TOOBIN: Absolutely. And that -- and he does have a foot in at this point. I mean, he has not gotten all the way there. But this is a serious lawsuit against the president -- against the president and Michael Cohen relating to Stormy Daniels' alleged nondisclosure agreement. And he may yet get a deposition.

BERMAN: All right. Jeffrey, you were in the middle of an interesting discussion last night. And I put discussion in quotation marks right now.


BERMAN: This was on "AC 360." And you were sitting between Michael Avenatti and an attorney who is a friend of Michael Cohen. I'm going to walk you down memory lane and play a little bit.

TOOBIN: OK. All right.


MICHAEL AVENATTI, ATTORNEY FOR STORMY DANIELS: Let's talk about Michael Cohen, what kind of a man this is. This is the kind of guy who claimed in connection with that story that there's no such thing as spousal rape. This is a legal genius. Right. Completely false. The guy doesn't even know the law and he's a thug. Your friend is a thug.


AVENATTI: He's a thug.

SCHWARTZ: That's a million dollars?


AVENATTI: Thug. Thug.

SCHWARTZ: A million dollars, a million dollars.
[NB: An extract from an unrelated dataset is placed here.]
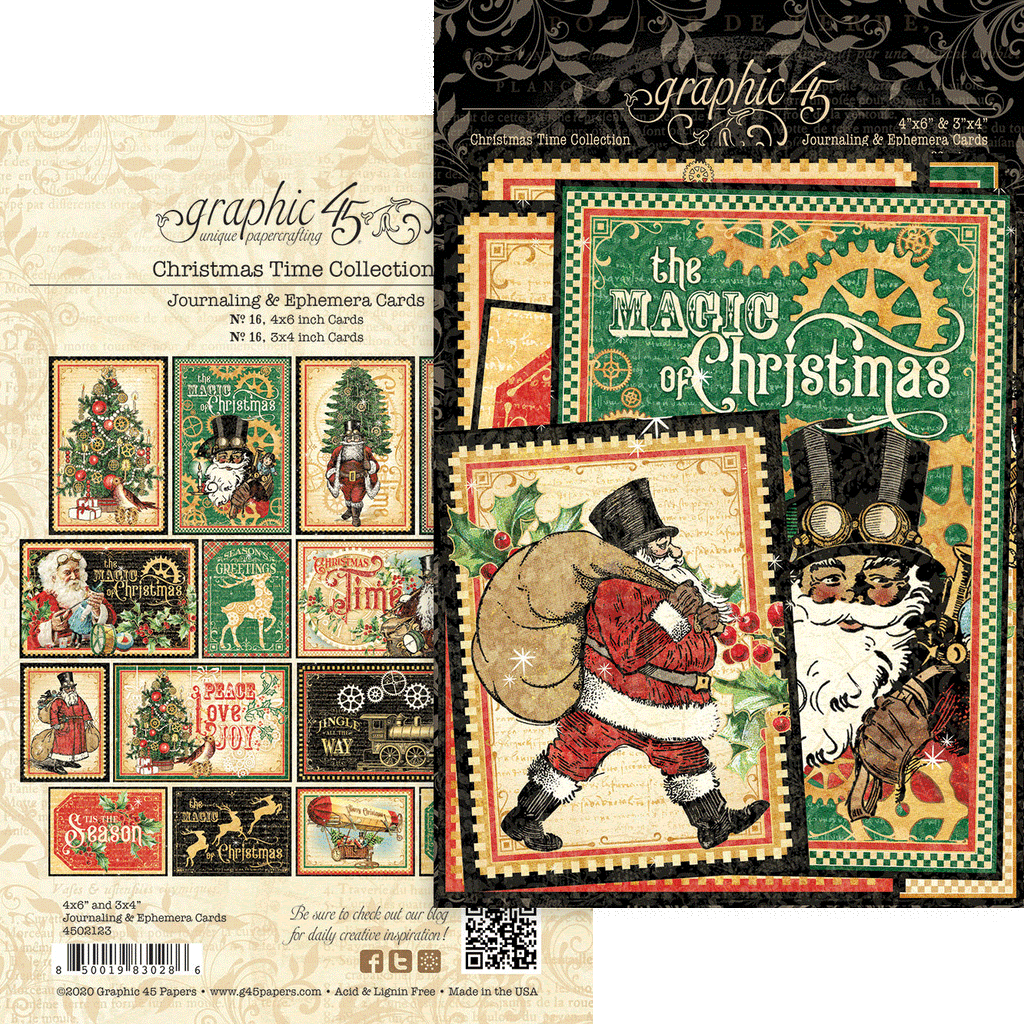 Graphic 45 Christmas Time Ephemera/Journaling Cards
SCHWARTZ: Anyone who can come on --


TOOBIN: So it was kind of high brow. I don't know. It was more like a C-SPAN thing happening.

BERMAN: But aside from making you look exceedingly rational by comparison --


TOOBIN: Not easy. Yes.

BERMAN: Does either side get anything out of that in this legal and political and public opinion debate right now?

TOOBIN: Well, you know, I -- it's very hard for me to say what the public opinion is about, you know, that particular aspect, but I do think, you know, Michael Avenatti is focusing on the peculiar role of Michael Cohen here. I mean, remember, Michael Cohen claims that when it came to Stormy Daniels he paid out of his own pocket, out of the line of credit in his house, $130,000. That is still --

BERMAN: You keep asking about that.


BERMAN: Why do you think that point is so important?

TOOBIN: Because it's so improbable. I mean, you know, I've been around lawyers my whole life. I think most people in the world have dealt with lawyers one time or another. Who knows a lawyer who pays out of his own pocket a damage award or a settlement for a client? I've never heard of it in my life. And I think it has a surface in plausibility and it's important because that $130,000 could be seen as a campaign finance violation given the fact that it was given on October 28th right on the eve of the election.

BERMAN: Jeffrey Toobin, the exceedingly rational Jeffrey Toobin.

TOOBIN: Indeed.

[09:10:03] BERMAN: Thank you so much for being here. I appreciate it.

Joining me now, Matt Lewis, CNN political commentator, Lynn Sweet, Washington bureau chief of the "Chicago Sun-Times," and Amber Phillips, a political reporter for the "Washington Post's" political blog "The Fix."

You guys are also exceedingly rational. The White House is not being silent on Stormy Daniels. The president is, not the White House. Deputy press secretary Raj Shah had this to say at the podium.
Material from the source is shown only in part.